#### Exercise
Return only the number of lines in the records below where the string "Image" shows up.

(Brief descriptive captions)
----

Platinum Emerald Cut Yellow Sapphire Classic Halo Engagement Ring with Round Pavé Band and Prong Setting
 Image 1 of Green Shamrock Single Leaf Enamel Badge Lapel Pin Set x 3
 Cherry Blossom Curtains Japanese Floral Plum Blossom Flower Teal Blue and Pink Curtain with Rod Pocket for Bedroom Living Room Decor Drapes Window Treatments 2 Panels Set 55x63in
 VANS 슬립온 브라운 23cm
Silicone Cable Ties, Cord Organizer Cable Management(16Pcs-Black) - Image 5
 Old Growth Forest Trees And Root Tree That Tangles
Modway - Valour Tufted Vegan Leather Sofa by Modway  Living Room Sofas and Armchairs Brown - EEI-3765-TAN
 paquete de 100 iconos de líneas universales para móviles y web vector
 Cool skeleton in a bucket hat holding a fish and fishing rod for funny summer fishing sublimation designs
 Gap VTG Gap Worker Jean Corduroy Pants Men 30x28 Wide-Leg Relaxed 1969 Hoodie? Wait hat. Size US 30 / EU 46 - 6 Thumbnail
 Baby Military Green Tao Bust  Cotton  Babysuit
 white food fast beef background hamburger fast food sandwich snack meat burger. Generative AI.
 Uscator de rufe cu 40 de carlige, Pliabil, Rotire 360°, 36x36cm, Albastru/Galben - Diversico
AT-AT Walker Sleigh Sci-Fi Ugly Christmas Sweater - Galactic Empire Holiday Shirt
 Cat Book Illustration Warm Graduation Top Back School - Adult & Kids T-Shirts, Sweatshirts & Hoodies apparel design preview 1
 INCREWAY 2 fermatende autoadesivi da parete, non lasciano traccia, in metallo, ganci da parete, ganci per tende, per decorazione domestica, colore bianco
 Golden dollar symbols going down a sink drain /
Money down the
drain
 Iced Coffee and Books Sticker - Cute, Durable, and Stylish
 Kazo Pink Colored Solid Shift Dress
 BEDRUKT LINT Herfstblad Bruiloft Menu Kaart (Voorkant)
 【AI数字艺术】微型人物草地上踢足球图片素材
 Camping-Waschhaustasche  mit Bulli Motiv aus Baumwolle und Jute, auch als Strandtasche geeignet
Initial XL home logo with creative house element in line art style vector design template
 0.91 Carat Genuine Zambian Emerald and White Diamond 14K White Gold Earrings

----

#### Answer section
2